→ **Problem**
Retype only the lines at the head of the records, first through the one with "2026 Honda CR-V EX AWD", exactly as written.

Brief descriptive captions:
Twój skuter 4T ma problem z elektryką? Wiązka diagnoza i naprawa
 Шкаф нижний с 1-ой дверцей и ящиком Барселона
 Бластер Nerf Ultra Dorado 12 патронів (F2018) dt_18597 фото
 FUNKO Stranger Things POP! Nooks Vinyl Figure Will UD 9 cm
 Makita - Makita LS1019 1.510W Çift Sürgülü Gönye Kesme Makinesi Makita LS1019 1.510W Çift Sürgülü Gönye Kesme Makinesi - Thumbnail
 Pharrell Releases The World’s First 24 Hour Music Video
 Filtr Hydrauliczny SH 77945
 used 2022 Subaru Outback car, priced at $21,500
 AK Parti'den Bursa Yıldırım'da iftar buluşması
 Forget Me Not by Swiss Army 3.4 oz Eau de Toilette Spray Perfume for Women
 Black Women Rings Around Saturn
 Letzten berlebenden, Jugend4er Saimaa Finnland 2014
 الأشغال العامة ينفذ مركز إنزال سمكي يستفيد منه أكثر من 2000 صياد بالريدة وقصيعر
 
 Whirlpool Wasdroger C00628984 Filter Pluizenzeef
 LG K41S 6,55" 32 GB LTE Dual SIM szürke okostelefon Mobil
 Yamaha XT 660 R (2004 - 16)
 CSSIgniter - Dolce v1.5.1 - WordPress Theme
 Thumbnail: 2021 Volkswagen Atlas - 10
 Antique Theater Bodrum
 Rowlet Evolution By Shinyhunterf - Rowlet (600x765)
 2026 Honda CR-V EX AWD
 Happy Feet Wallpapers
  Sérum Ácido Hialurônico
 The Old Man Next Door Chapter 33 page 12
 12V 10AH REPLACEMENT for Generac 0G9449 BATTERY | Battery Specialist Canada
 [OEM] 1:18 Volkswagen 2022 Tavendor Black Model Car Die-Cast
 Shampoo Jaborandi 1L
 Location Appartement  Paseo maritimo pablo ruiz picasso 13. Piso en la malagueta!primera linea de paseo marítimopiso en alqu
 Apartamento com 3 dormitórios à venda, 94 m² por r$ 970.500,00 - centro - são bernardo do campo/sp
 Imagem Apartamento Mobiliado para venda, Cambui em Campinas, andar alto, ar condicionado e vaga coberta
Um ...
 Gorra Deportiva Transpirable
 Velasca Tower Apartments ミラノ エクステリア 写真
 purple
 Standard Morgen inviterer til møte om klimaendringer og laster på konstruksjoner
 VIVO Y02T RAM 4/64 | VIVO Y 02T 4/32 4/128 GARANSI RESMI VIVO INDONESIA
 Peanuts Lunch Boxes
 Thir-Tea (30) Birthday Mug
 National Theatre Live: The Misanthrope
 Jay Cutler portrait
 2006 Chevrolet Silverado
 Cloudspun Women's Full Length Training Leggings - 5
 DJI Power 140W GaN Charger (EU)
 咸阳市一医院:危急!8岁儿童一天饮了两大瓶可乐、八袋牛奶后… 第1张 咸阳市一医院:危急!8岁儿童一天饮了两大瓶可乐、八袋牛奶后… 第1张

→ **Solution to this problem**
Twój skuter 4T ma problem z elektryką? Wiązka diagnoza i naprawa
 Шкаф нижний с 1-ой дверцей и ящиком Барселона
 Бластер Nerf Ultra Dorado 12 патронів (F2018) dt_18597 фото
 FUNKO Stranger Things POP! Nooks Vinyl Figure Will UD 9 cm
 Makita - Makita LS1019 1.510W Çift Sürgülü Gönye Kesme Makinesi Makita LS1019 1.510W Çift Sürgülü Gönye Kesme Makinesi - Thumbnail
 Pharrell Releases The World’s First 24 Hour Music Video
 Filtr Hydrauliczny SH 77945
 used 2022 Subaru Outback car, priced at $21,500
 AK Parti'den Bursa Yıldırım'da iftar buluşması
 Forget Me Not by Swiss Army 3.4 oz Eau de Toilette Spray Perfume for Women
 Black Women Rings Around Saturn
 Letzten berlebenden, Jugend4er Saimaa Finnland 2014
 الأشغال العامة ينفذ مركز إنزال سمكي يستفيد منه أكثر من 2000 صياد بالريدة وقصيعر
 
 Whirlpool Wasdroger C00628984 Filter Pluizenzeef
 LG K41S 6,55" 32 GB LTE Dual SIM szürke okostelefon Mobil
 Yamaha XT 660 R (2004 - 16)
 CSSIgniter - Dolce v1.5.1 - WordPress Theme
 Thumbnail: 2021 Volkswagen Atlas - 10
 Antique Theater Bodrum
 Rowlet Evolution By Shinyhunterf - Rowlet (600x765)
 2026 Honda CR-V EX AWD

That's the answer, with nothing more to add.